Every entry should be returned unchanged, with the pictures omitted.
-- MATERIAL FOR THIS TASK follows --
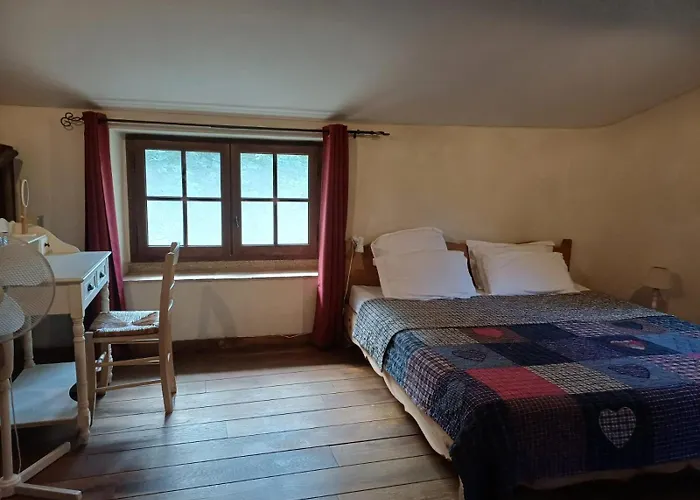 Guest house Charmante Maisonnette Au Mas Du Sauvage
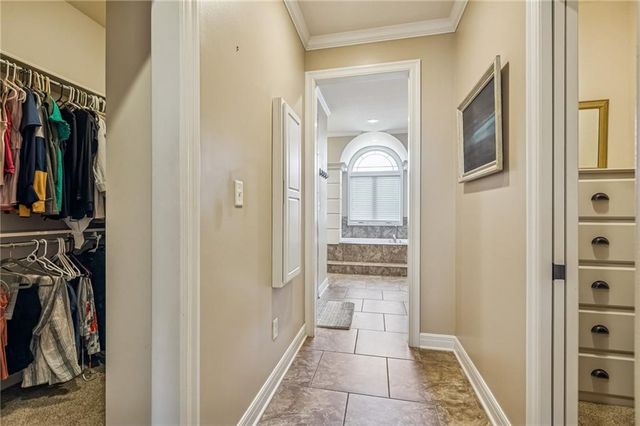 4481 SW Raintree Shore Drive, Lee's Summit, MO 64082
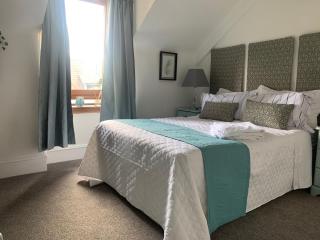 Spacious villa 5 mins from nature reserve and town - 5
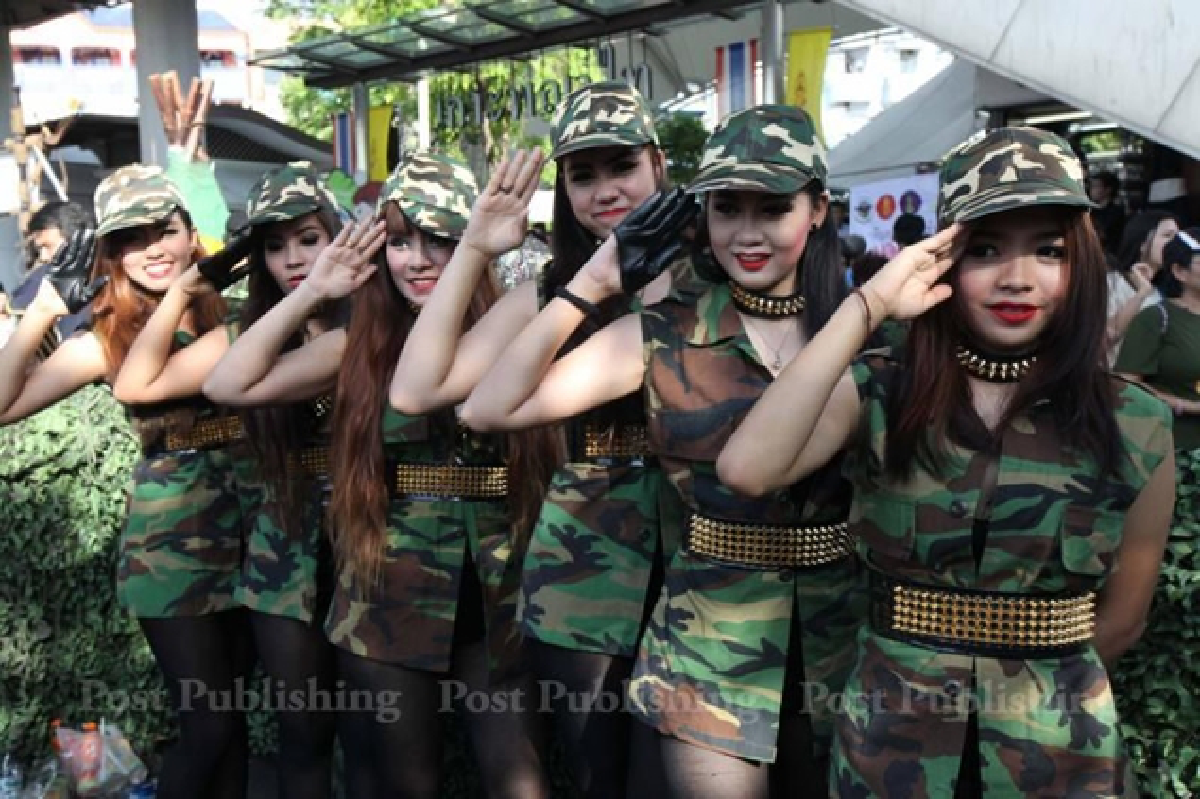 'Happiness' at Victory Monument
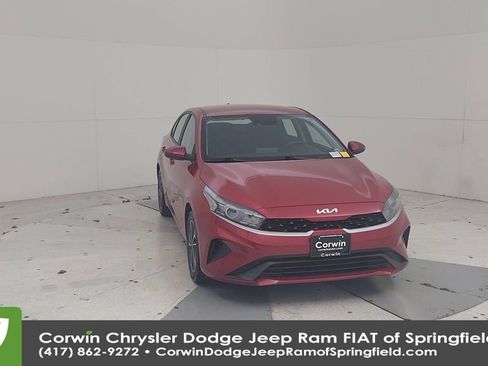 Used 2024 Kia Forte LXS image 4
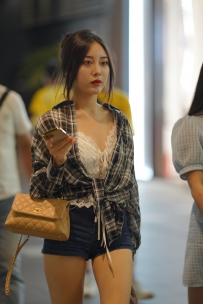 【精选街拍】Vol.2421 蓝色热裤美腿 [107P+1V-1.79GB]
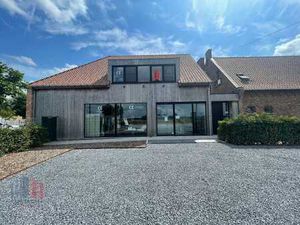 130 m² instapklaar kantoor te Deinze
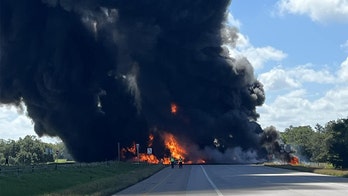 Tanker truck explodes on Texas highway leaving several critically injured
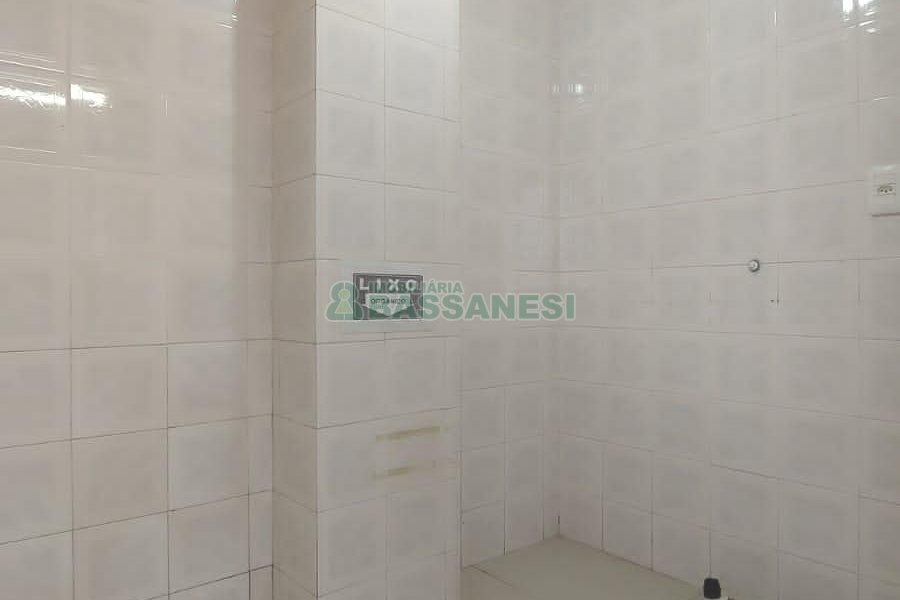 Loja com 356m², 2 vagas, no bairro São Pelegrino em Caxias do Sul para Comprar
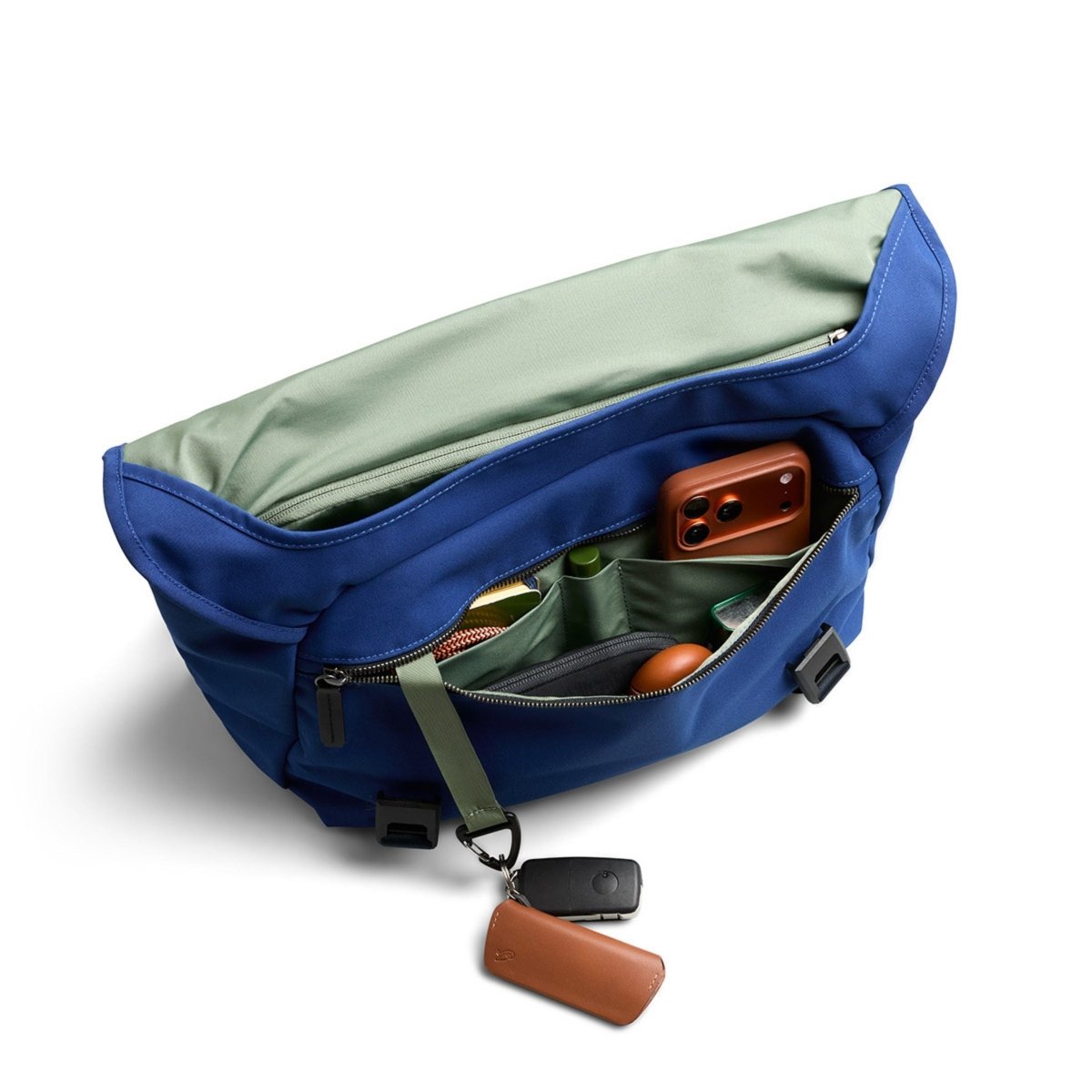 Bellroy Classic Messenger 13L in Indigo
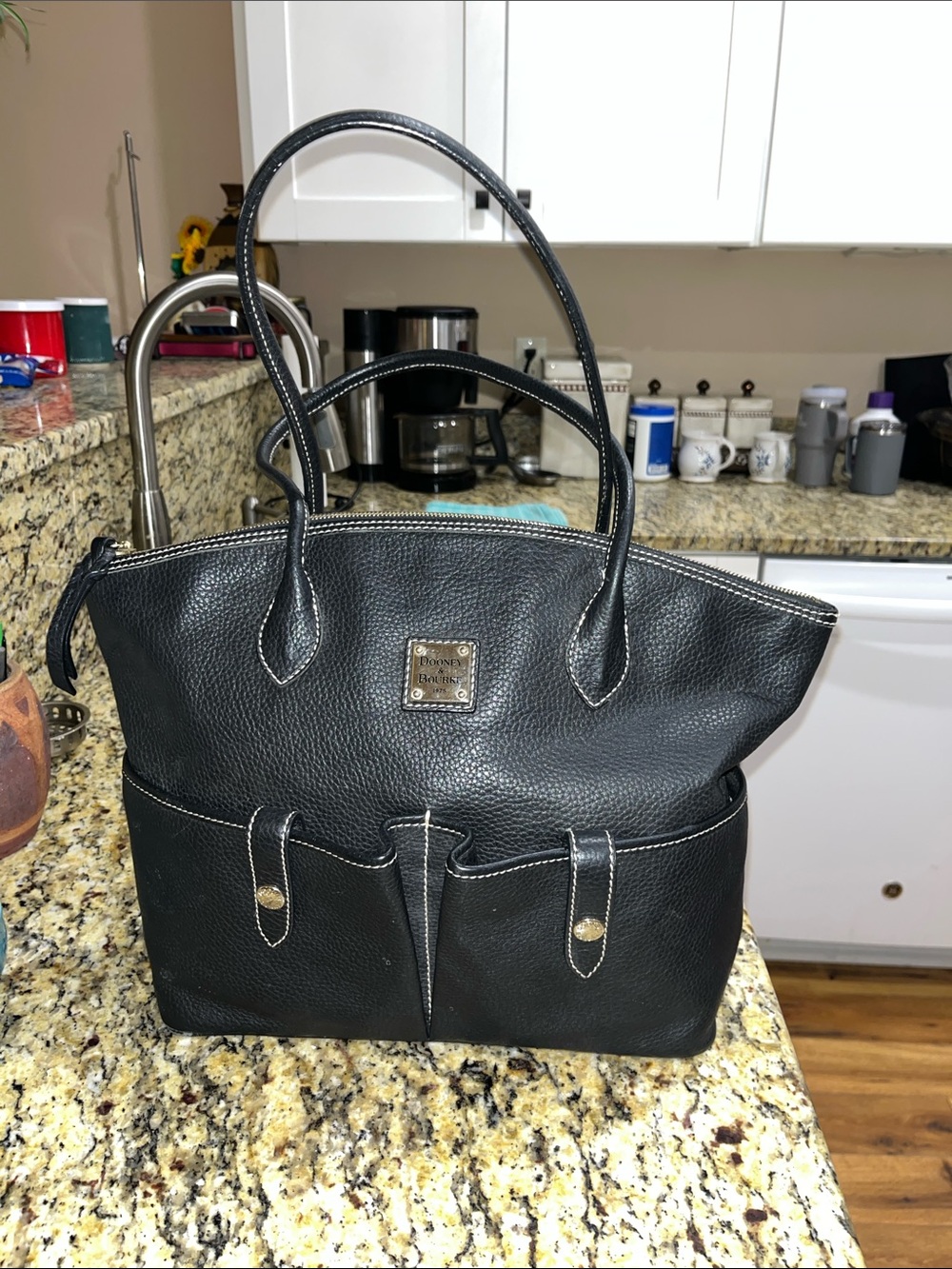 EUC Dooney&Bourke Crescent Tote Pebble Grain  Leather Handbag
-- MATERIAL FOR THIS TASK concluded --
## TASK OUTPUT
 Guest house Charmante Maisonnette Au Mas Du Sauvage
 4481 SW Raintree Shore Drive, Lee's Summit, MO 64082
 Spacious villa 5 mins from nature reserve and town - 5
 'Happiness' at Victory Monument
 Used 2024 Kia Forte LXS image 4
 【精选街拍】Vol.2421 蓝色热裤美腿 [107P+1V-1.79GB]
 130 m² instapklaar kantoor te Deinze
 Tanker truck explodes on Texas highway leaving several critically injured
 Loja com 356m², 2 vagas, no bairro São Pelegrino em Caxias do Sul para Comprar
 Bellroy Classic Messenger 13L in Indigo
 EUC Dooney&Bourke Crescent Tote Pebble Grain  Leather Handbag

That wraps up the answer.